Working for someone else, while financially rewarding, still meant I was largely working for someone else's success. Working for myself means working for my own success, in whatever way I choose -- because it is a choice -- to define success, not in the way someone else defines success.

Because when you work for someone else, they get to decide what you do -- and, in large part, aside from the transactional nature of employment, why you do it.

And as for all the hours involved in starting and running your own business? A study published in the Journal of Personality and Social Psychology found that while experiencing a lack of discretionary time every day leads to feeling more stressed and less happy (no surprise there), the researchers found and "internally [replicated] a negative quadratic relationship between discretionary time and subjective well-being," a fancy way of saying that too little free time makes you unhappy, but so can having too much free time.

And so can feeling less purposeful about your free time. Come home from work and the last thing you probably want to think about is work. The researchers found that people feeling happier when they spend a portion of their free time on productive activities, like building and maintaining relationships. Working on a project. Reading. Exercising. Doing things you feel have a purpose, and that over the long term will make your life better.

When you love what you do -- when you feel your work has purpose -- you're much less likely to mind working a few extra hours a week, because those hours feel less like an obligation than a choice.

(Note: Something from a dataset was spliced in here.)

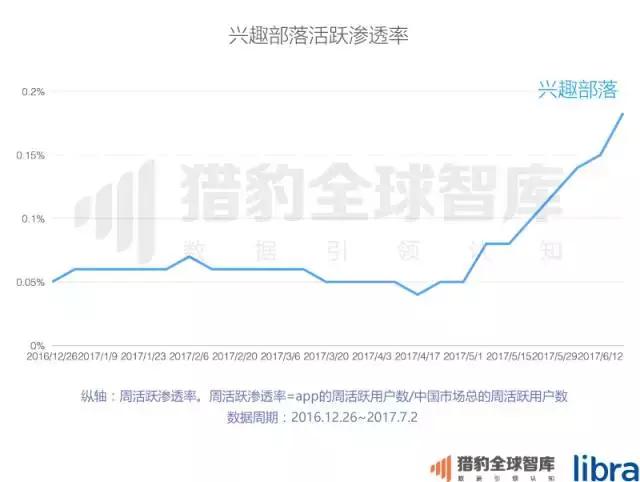 2017上半年中国App排行榜：老大老二打架 遭殃的却是老三？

You'll want to send one more email, make one more call, follow up with one more customer... because doing so benefits you by bringing you that much closer to achieving your goals.

Not someone else's.

And you have a lot more control over your financial future. Work for someone else and at any moment you could lose it all, often for reasons outside your control. (Ask the hundreds of thousands of people recently laid off by tech companies.)

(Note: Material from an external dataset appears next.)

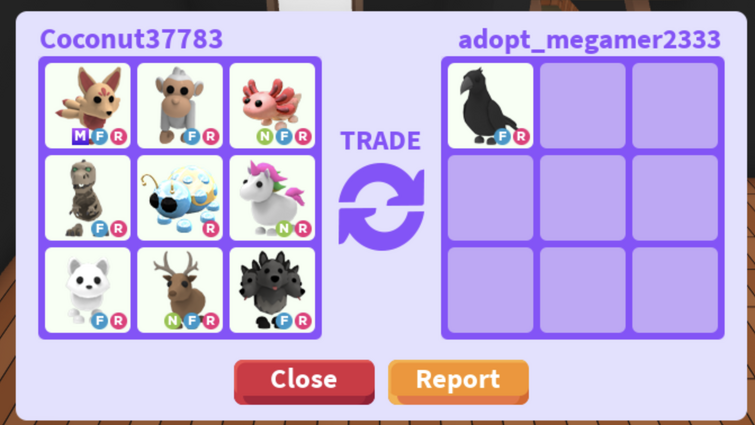 What is Crow Adopt Me Worth?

The Gusto survey found that 41 percent started a business because they were concerned about their financial stability or wanted to supplement their household income, up from 24 percent the previous year.

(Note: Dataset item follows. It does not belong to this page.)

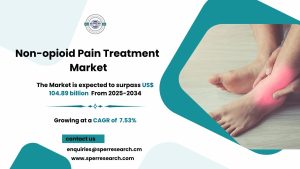 Non-opioid Pain Treatment Market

Even if you don't lose your job, working for someone else means your upside is always capped. That's why so many younger workers have decided to become entrepreneurs: own your own business and your upside is, while certainly not guaranteed, unlimited.

Why do people start their own business? To chart their own course. To make their own decisions. To learn from their own mistakes and benefit from their own successes. To do work with greater meaning and purpose and reap the potentially greater financial rewards from their time, effort, and dedication.

And to escape the feeling of burnout that often results from giving their all to a transaction instead of a calling.

Which may be the best reason of all to start your own business.